Born into a refined family – her father is a baron and was chancellor of the exchequer to Margaret Thatcher while her mother was heiress to a business empire – Nigella had a somewhat conflicted relationship with food while growing up.
“Well, I will say something that will give a lot of encouragement to parents with children who don’t eat,” she says.
“I had not only no interest in food as a small child, but I really hated mealtimes and I didn’t eat at all. So when people say to me, ‘my children won’t eat’ I say ‘Well, look at me, it can change!’.
“I come from a family who are intensely involved in food, and when I was very young I wasn’t interested, but that was probably because I was brought up very strictly. It was ‘you will eat this and if you don’t finish it you will sit there until it’s cold and it will be brought back the next day’. It was that sort of way. There was no food-hiding – my mother had complete laser-vision. But I did get interested in food, and I had no idea it would become my life.”
In Australia for a quick stint at the Melbourne Food & Wine Festival last weekend, Ms Lawson is excited to be back in the country.
“I’ve previously been to Sydney as well as to Queensland, where I went on a boat through the Whitsundays with the kids. But I haven’t been to Melbourne before”, she says.
And would she like to come to Western Australia? We have truffles..

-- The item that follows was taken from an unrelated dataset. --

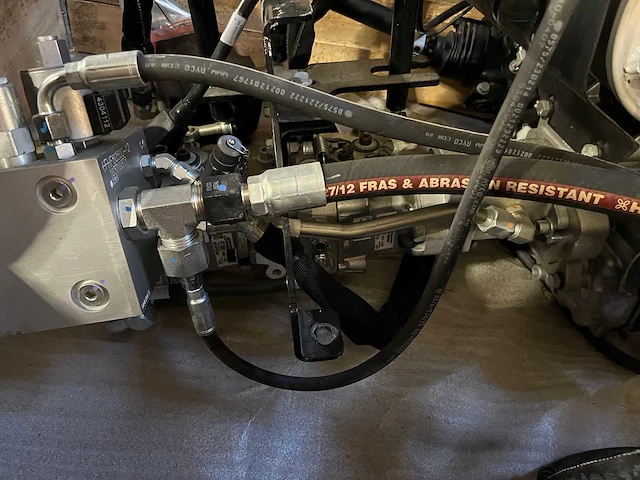 Kohler ech740-3059 motor met hydrauliek assemblage (2x) - afbeelding 7 van  8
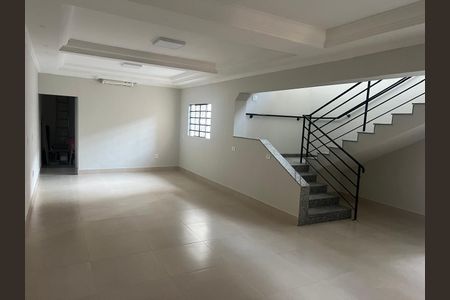 Sala de casa à venda com 2 quartos, 250m² em Botafogo, Campinas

“I would love to. Why I’m not traveling much on this visit is because I’ve left the kids at home, so I’ve kept it short. But they loved Australia, and I’d love to do more traveling. The thing is, it’s such a huge country so you’ve got to have time. I love the huge sky of Australia, and the light. So you call it WA over there, then, and not Western Australia? You’re going to have to map me out an itinerary and tell me when’s the best time to go. I don’t like intense heat. I would have to wear a hat and a sunscreen factor of one hundred. Oh god, I can’t wait. Go on, fire away, I’m too busy planning my holiday now.”

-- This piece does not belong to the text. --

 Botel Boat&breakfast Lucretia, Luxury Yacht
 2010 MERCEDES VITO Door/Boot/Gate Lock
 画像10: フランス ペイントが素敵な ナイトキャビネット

Nigella has sold millions of cookbooks and her many television series are broadcast in countries all over the world. Now, she feels, it’s time to re-stock.
“I’m not working as hard in terms of filming and writing books at the moment so I can go away,” she says.

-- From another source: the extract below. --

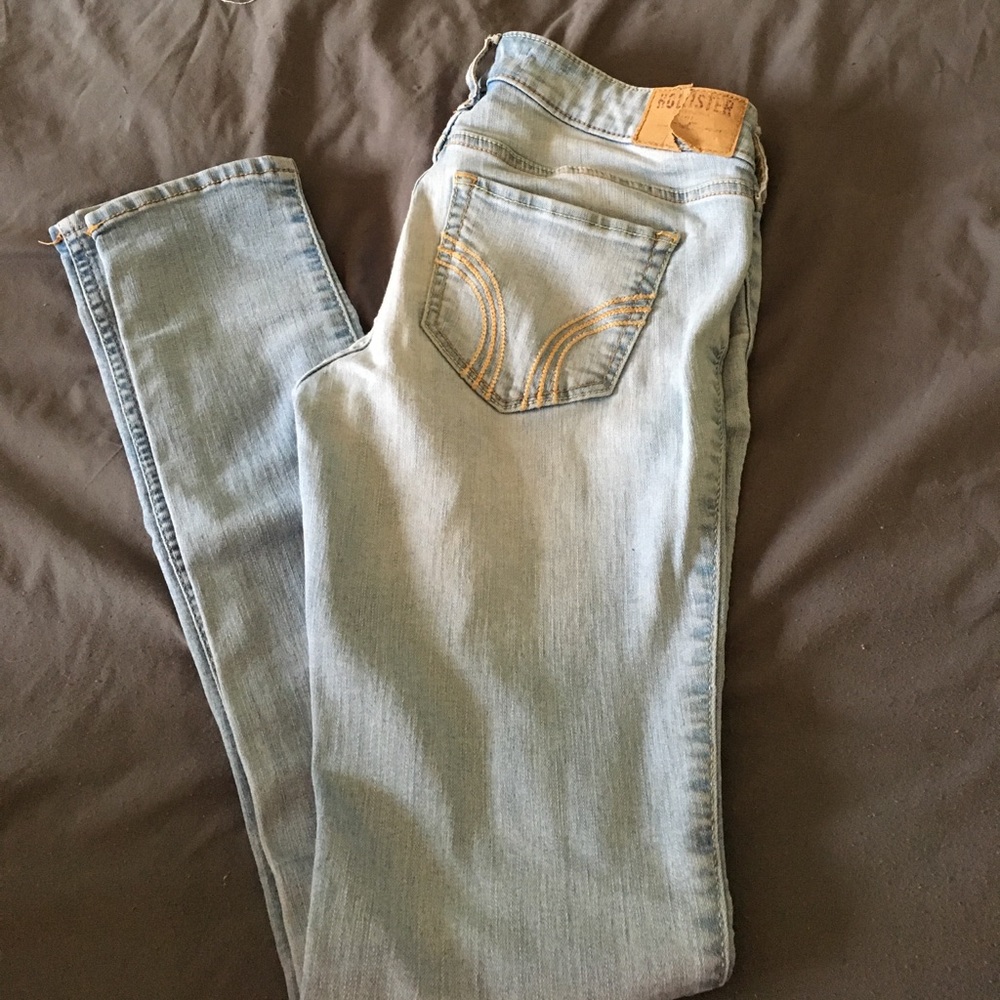 Hollister light wash jeans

“If I did a book and a series every year, I’d have to be re-introduced to my children and I wouldn’t have a proper life. And the whole point of what I do is because it’s part of my life. My books come out of how I live my life, so if I make it all about the work, then that would make me feel it was the wrong way round. So it’s nice for me to be at home, cooking. And at the moment I’ve got other things to do. And no doubt I’ll go back inspired by some of the food I’ve eaten here in Australia, and that’s how recipes come about, by cooking meals that I don’t know. And just revelling in the luck that I can be pottering about the kitchen and pretend it’s work.”
Ms Lawson was the headlining act of the Melbourne Food & Wine Festival last week. She shared some kitchen bench space with Western Australia’s own seductive cook, Anna Gare.